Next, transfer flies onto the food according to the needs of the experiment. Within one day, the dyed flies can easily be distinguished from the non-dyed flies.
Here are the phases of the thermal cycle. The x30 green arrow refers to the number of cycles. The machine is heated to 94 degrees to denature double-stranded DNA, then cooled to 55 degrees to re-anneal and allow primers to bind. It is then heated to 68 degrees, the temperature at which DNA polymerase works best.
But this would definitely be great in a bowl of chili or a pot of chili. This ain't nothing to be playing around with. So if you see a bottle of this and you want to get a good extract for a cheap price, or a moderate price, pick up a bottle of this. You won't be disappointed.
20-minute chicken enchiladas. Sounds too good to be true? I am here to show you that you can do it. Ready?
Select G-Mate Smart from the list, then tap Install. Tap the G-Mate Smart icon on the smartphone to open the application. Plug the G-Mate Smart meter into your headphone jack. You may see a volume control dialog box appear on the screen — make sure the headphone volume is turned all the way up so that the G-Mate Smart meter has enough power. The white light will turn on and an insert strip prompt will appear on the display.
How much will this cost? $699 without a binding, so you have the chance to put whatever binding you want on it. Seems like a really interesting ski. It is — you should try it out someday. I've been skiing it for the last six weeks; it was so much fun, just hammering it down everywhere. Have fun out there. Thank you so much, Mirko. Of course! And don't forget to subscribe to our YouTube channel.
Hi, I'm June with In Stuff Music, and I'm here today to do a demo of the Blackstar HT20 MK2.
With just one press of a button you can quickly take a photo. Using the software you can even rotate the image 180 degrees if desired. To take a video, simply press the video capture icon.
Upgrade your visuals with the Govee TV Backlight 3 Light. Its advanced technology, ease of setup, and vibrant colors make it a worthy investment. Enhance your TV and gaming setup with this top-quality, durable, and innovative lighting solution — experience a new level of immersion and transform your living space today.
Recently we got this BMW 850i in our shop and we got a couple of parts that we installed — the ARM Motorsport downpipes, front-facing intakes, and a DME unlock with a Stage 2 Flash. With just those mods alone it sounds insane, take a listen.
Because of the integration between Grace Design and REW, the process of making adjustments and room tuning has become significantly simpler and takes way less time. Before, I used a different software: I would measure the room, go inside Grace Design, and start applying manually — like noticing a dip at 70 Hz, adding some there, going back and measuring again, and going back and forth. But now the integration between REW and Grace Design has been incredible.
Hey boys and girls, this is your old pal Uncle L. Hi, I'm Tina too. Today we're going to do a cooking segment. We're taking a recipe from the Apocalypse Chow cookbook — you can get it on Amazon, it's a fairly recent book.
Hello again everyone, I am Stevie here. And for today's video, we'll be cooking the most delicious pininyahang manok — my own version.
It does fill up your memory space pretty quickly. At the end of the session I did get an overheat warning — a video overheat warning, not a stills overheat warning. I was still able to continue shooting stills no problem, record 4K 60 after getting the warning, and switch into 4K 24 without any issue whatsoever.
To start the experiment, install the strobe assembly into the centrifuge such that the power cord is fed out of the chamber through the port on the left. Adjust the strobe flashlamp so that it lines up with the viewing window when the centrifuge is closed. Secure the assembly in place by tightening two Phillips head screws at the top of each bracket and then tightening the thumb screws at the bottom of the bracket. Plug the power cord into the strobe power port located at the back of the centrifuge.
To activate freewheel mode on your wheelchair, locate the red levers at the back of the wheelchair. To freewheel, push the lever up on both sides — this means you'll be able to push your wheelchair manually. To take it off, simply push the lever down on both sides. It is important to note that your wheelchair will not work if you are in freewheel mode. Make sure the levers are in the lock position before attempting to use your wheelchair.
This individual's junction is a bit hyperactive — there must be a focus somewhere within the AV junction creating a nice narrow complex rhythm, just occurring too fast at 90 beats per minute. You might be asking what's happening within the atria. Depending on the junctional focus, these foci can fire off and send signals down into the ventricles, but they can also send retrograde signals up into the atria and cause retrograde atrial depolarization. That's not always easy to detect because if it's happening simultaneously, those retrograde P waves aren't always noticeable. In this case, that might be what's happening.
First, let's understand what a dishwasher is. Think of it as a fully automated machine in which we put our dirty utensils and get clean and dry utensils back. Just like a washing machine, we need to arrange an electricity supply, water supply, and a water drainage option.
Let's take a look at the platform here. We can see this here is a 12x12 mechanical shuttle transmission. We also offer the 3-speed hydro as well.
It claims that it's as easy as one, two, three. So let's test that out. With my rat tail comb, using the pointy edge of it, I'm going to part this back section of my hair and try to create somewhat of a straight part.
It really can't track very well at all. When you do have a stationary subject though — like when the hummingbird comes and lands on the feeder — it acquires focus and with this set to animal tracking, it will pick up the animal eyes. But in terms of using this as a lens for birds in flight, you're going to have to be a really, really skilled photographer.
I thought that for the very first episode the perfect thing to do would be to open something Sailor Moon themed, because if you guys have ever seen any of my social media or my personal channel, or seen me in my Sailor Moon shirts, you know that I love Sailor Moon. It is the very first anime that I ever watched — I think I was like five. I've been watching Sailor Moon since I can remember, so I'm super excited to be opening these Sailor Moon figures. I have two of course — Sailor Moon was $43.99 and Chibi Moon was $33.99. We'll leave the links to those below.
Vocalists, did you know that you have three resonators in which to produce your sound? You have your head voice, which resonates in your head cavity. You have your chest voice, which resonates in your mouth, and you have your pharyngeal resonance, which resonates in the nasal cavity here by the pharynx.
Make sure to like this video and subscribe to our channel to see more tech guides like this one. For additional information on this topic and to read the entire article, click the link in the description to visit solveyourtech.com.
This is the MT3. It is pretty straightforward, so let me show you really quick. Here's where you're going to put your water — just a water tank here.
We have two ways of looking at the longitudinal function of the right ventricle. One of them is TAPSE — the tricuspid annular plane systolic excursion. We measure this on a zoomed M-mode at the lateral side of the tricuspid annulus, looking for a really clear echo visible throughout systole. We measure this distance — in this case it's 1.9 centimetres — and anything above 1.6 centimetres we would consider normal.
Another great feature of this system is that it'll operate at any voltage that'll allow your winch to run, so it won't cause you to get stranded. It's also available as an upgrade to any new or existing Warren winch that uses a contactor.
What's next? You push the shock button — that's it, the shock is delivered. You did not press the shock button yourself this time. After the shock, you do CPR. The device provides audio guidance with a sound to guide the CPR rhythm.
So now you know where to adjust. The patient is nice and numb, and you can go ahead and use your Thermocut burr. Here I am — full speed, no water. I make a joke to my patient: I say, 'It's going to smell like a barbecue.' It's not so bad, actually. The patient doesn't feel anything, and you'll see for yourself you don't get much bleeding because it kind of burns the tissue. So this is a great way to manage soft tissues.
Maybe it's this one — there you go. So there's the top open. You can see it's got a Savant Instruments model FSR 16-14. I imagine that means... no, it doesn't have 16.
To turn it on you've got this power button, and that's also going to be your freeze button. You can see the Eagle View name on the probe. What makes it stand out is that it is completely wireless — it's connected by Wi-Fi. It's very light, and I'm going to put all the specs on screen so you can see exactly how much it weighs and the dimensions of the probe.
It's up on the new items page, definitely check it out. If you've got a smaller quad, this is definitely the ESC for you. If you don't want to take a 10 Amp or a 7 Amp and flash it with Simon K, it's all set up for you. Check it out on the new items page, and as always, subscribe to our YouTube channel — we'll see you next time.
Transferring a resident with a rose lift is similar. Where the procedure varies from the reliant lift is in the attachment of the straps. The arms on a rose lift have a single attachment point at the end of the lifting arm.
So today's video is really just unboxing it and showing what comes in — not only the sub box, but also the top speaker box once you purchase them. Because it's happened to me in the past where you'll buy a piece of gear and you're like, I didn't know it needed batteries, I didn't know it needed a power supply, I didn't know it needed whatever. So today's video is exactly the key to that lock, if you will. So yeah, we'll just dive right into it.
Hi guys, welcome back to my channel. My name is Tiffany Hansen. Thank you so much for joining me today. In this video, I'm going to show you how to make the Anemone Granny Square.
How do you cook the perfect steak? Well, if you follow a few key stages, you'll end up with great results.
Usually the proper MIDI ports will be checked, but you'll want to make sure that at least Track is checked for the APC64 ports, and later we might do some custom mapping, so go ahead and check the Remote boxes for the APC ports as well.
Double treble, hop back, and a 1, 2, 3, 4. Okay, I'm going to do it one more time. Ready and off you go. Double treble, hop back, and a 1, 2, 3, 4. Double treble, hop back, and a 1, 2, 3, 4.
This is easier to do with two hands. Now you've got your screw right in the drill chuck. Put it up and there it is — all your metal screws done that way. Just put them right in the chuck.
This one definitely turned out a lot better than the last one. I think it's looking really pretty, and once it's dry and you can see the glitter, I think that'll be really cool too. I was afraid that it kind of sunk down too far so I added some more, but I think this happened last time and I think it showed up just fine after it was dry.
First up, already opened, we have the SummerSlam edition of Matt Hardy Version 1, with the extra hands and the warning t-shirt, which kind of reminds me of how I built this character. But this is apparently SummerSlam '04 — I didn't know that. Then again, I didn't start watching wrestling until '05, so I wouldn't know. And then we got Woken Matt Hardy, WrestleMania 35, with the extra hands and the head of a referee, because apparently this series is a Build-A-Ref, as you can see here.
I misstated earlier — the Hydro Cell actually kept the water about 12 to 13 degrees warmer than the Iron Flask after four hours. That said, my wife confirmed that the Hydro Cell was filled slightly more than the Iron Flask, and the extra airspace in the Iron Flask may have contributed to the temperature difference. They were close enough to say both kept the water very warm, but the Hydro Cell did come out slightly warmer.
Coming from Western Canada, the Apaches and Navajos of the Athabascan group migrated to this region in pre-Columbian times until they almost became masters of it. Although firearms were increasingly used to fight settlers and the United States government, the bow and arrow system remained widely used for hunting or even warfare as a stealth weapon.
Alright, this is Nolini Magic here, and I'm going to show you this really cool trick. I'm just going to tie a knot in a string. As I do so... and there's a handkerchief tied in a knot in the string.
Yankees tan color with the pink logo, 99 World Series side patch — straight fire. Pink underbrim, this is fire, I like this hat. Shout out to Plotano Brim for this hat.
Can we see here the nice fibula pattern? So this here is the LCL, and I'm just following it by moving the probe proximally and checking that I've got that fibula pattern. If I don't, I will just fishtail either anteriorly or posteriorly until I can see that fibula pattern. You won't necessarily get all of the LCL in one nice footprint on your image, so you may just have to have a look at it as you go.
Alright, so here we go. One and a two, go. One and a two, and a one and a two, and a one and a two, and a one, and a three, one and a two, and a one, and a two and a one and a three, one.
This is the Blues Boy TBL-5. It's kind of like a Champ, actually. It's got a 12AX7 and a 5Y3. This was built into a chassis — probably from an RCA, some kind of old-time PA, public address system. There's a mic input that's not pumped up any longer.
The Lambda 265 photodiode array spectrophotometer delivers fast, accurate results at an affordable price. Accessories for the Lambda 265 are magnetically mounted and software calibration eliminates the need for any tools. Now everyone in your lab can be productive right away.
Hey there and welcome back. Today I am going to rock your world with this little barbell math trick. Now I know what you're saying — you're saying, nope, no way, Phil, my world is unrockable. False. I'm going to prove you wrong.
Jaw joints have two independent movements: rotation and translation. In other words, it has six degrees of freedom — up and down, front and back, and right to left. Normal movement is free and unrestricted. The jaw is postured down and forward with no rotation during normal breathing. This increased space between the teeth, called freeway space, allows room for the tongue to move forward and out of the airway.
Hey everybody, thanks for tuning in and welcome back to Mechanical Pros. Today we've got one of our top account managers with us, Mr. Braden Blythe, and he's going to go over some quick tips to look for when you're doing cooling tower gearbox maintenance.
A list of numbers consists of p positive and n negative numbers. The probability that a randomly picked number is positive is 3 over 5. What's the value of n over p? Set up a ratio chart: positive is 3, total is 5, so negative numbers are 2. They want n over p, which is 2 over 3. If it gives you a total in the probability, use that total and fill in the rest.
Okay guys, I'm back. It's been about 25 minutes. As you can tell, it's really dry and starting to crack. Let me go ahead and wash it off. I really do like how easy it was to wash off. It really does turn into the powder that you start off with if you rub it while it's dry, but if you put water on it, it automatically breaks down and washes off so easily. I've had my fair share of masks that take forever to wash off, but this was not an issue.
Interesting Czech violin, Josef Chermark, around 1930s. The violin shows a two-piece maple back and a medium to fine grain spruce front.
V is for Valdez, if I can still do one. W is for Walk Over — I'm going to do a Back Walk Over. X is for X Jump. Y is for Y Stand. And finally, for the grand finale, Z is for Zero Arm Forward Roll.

===

> _Task prompt_
In the entries above, copy each line that contains the string "simply".

> _Expected output_
With just one press of a button you can quickly take a photo. Using the software you can even rotate the image 180 degrees if desired. To take a video, simply press the video capture icon.
To activate freewheel mode on your wheelchair, locate the red levers at the back of the wheelchair. To freewheel, push the lever up on both sides — this means you'll be able to push your wheelchair manually. To take it off, simply push the lever down on both sides. It is important to note that your wheelchair will not work if you are in freewheel mode. Make sure the levers are in the lock position before attempting to use your wheelchair.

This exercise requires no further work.